Ces incertitudes ont amené la Cour des comptes à formuler la réserve n° 2, très sévère, dans sa certification des comptes de l’État : « En dépit d’une amélioration de l’utilisation par l’administration des concepts et des outils du contrôle interne, son effectivité et son efficacité demeurent insuffisantes, ce qui limite l’étendue des vérifications de la Cour et crée des incertitudes sur la qualité des comptes de l’État, à l’exception de la dette financière. »
Monsieur le secrétaire d'État, c’est non pas l’opposition qui vous le dit, mais la Cour des comptes : nous sommes aux frontières de l’insincérité !
Un peu de modestie dans son propre contentement de soi permettrait peut-être encore au Gouvernement de réaliser des progrès pour s’attribuer le label d’une gestion de qualité, et plus encore de comprendre que les minces résultats obtenus l’ont été au prix d’un véritable matraquage fiscal. Aujourd’hui, l’expression « trop d’impôt tue l’impôt » est non pas un simple slogan, mais l’interprétation populaire d’une courbe bien connue des économistes relative à la flexibilité fiscale.
Ainsi, alors que la loi de finances pour 2013 prévoyait 30 milliards d’euros de recettes fiscales supplémentaires par rapport à 2012, le résultat effectif s’est élevé exactement à la moitié de cette somme, soit 15 milliards d’euros.

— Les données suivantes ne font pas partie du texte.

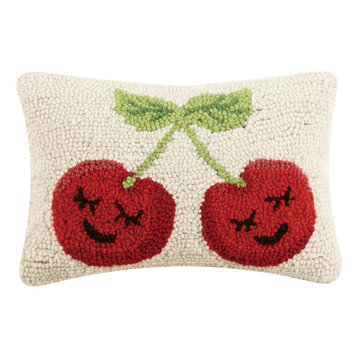 Cherries Hook Pillow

Tous les impôts importants sont touchés : l’impôt sur les sociétés – moins 6, 3 milliards d’euros –, l’impôt sur le revenu – moins 4, 9 milliards d’euros –, la TVA – également moins 4, 9 milliards d’euros.

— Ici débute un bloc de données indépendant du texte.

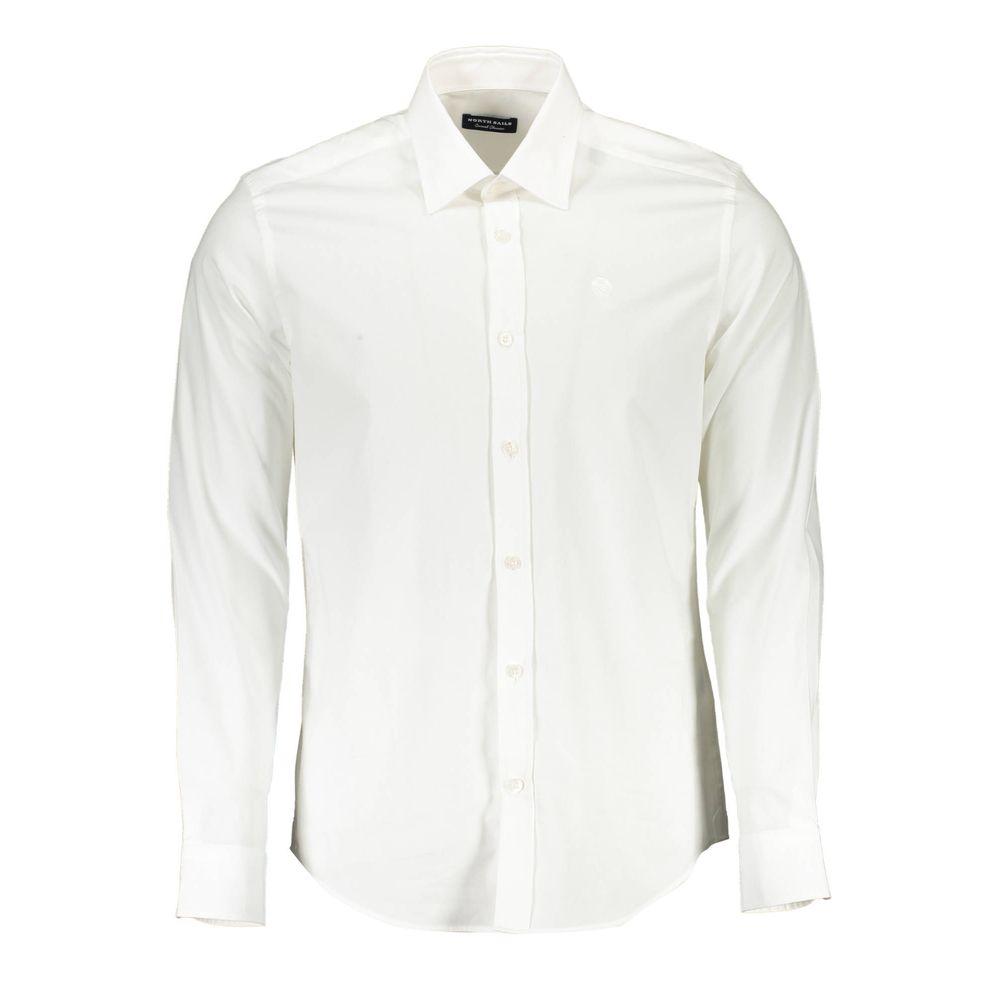 North Sails Elegant White Stretch Cotton Shirt North Sails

En général, l’histoire éclaire l’avenir, et, comme elle est très récente, elle risque de rejoindre rapidement l’actualité budgétaire, d’autant que la mauvaise anticipation de l’évolution spontanée des recettes fiscales dénoncée par la Cour des comptes en 2013 n’a fait l’objet d’aucune correction, ni dans la loi de finances pour 2014 ni dans le présent projet de loi de finances rectificative. La Cour des comptes voyait dans cette mauvaise anticipation les principales explications de « la dégradation du solde budgétaire », phrase porteuse de tous les dangers !
À ce stade, et s’agissant de l’héritage trop souvent complaisamment invoqué, il n’est pas inutile de rappeler que, en 2010 et 2011, la réduction du déficit constaté était de l’ordre de 14 milliards d’euros, et que l’exécution de la loi de finances pour 2011 avait été conforme aux prévisions.
Une dette toujours croissante et des rentrées fiscales aléatoires – 15 milliards d’euros de moins par rapport aux prévisions – nous exposent, tout le monde en conviendra, à des risques majeurs.
Au surplus, les engagements hors bilan que l’État a contractés affectent également gravement notre capacité à soutenir des dettes financières aussi étendues. Leur montant publié dans le compte général de l’État s’élève à 2 838 milliards d’euros, dont 1 460 milliards d’euros pour les engagements des retraites.
Enfin, ici, au Sénat, il n’est pas inutile de signaler que l’encours des dépôts des collectivités territoriales au Trésor a diminué de 2, 7 milliards d’euros en 2013, concrétisant un contexte de fortes incertitudes quant aux ressources de ces dernières et pesant sur la trésorerie de l’État, qui a connu un solde en baisse de 7, 9 milliards d’euros.